--- Available data ---

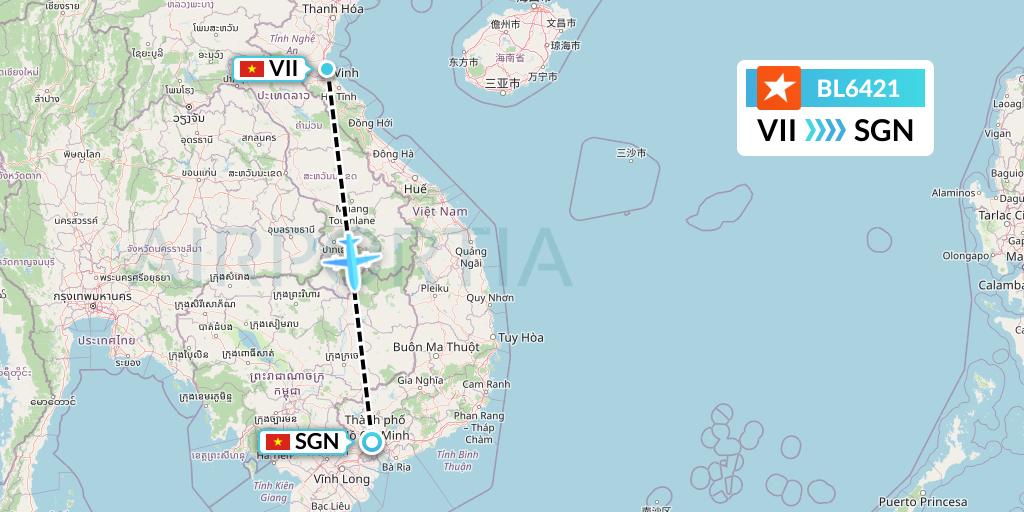 BL6421 Pacific Airlines Flight Map: Vinh to Ho Chi Minh City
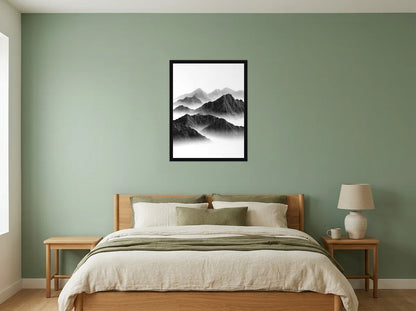 Poster Montagnes en Courbes noir et blanc encadré noir, dans une chambre aux murs vert sauge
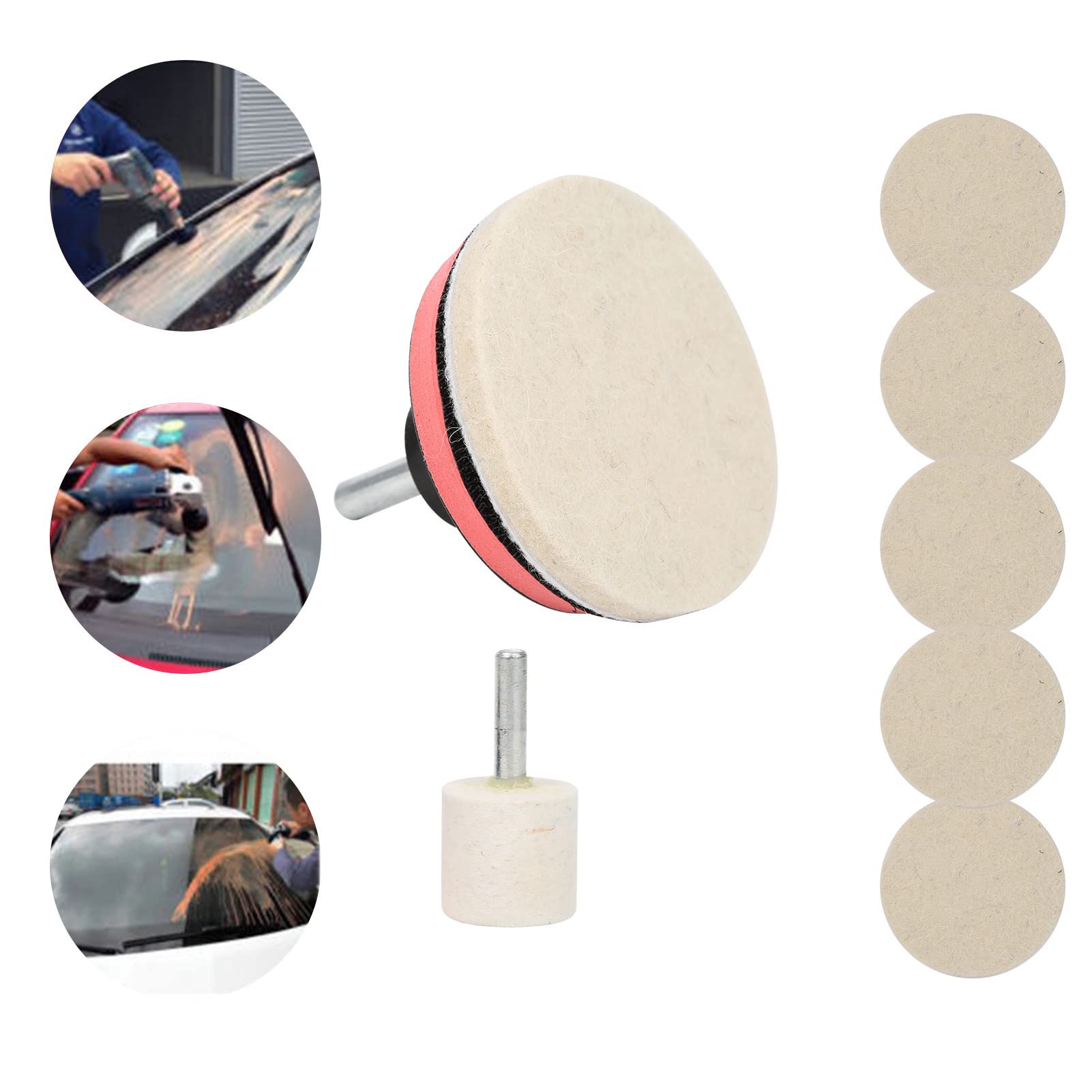 Kit de polissage de verre, poudre de polissage à l'oxyde de cérium, dissolvant de rayures de verre avec tampon de polissage en laine pour pare-brise de voiture, fenêtres, miroirs, phares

---

§ **Exercise goal**
Produce an exact copy of the lines from the line with "Poster Montagnes en" through the last line of the data above, both ends included. No pictures belong in it.

§ **Answer for the task**
 Poster Montagnes en Courbes noir et blanc encadré noir, dans une chambre aux murs vert sauge
 Kit de polissage de verre, poudre de polissage à l'oxyde de cérium, dissolvant de rayures de verre avec tampon de polissage en laine pour pare-brise de voiture, fenêtres, miroirs, phares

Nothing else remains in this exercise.